* Data excerpt:
━━━━━━

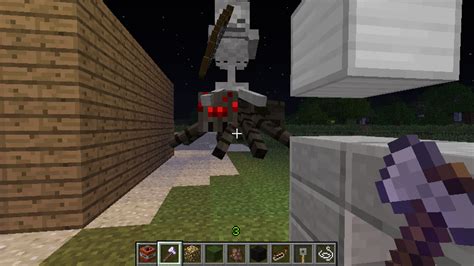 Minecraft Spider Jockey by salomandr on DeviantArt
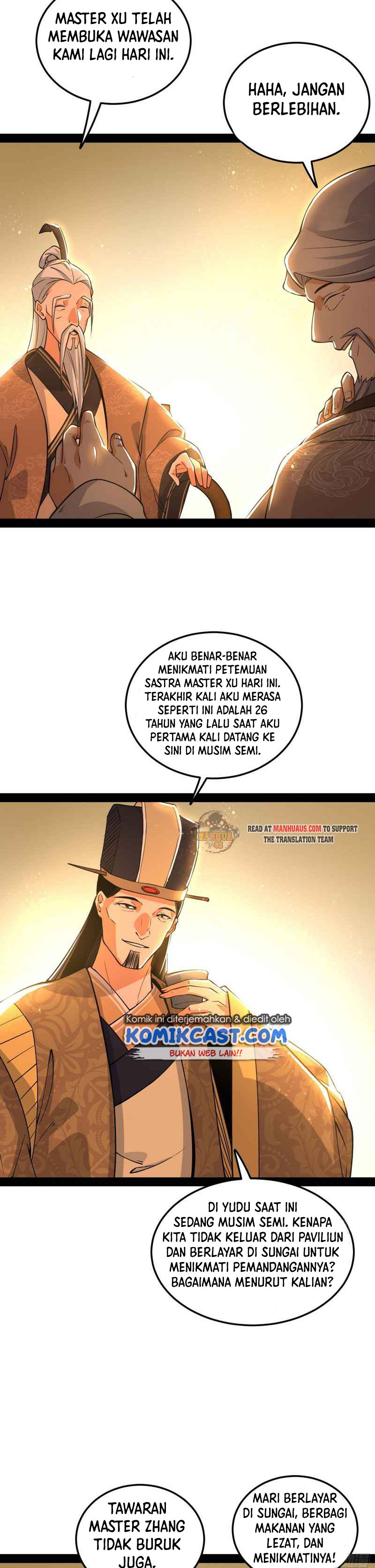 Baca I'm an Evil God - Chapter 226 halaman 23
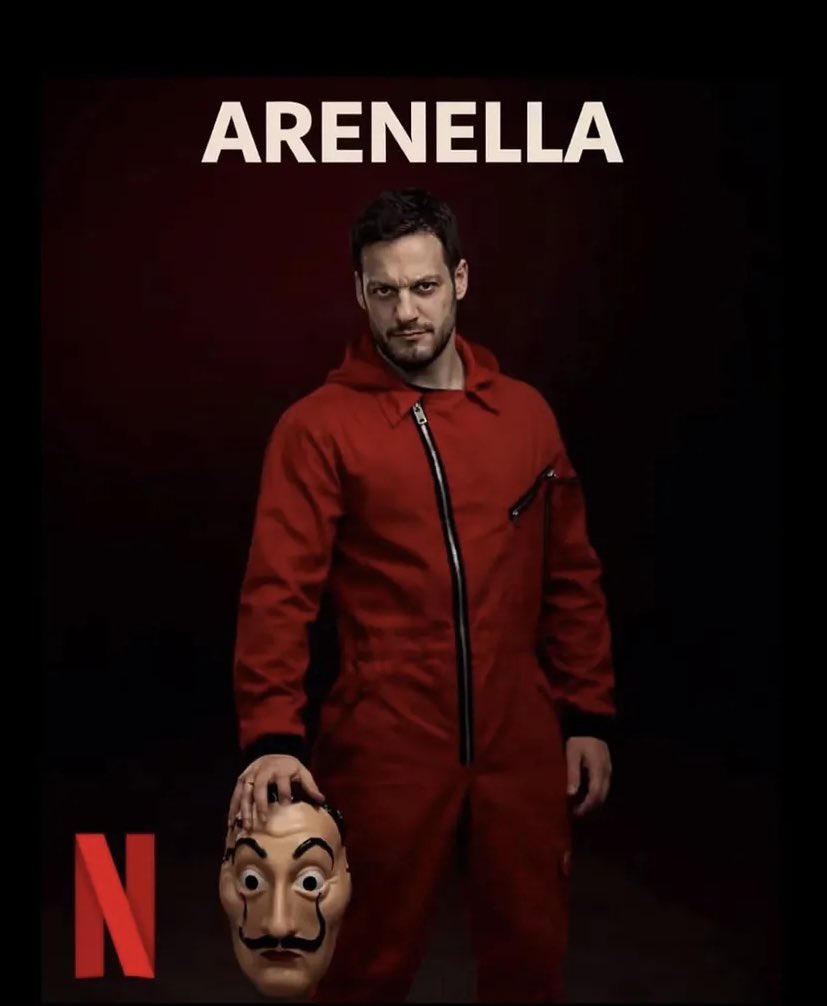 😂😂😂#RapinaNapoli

━━━━━━

* What the task requires:
Leaving out the pictures, transcribe the material above exactly.

* Your solution:
 Minecraft Spider Jockey by salomandr on DeviantArt
 Baca I'm an Evil God - Chapter 226 halaman 23
 😂😂😂#RapinaNapoli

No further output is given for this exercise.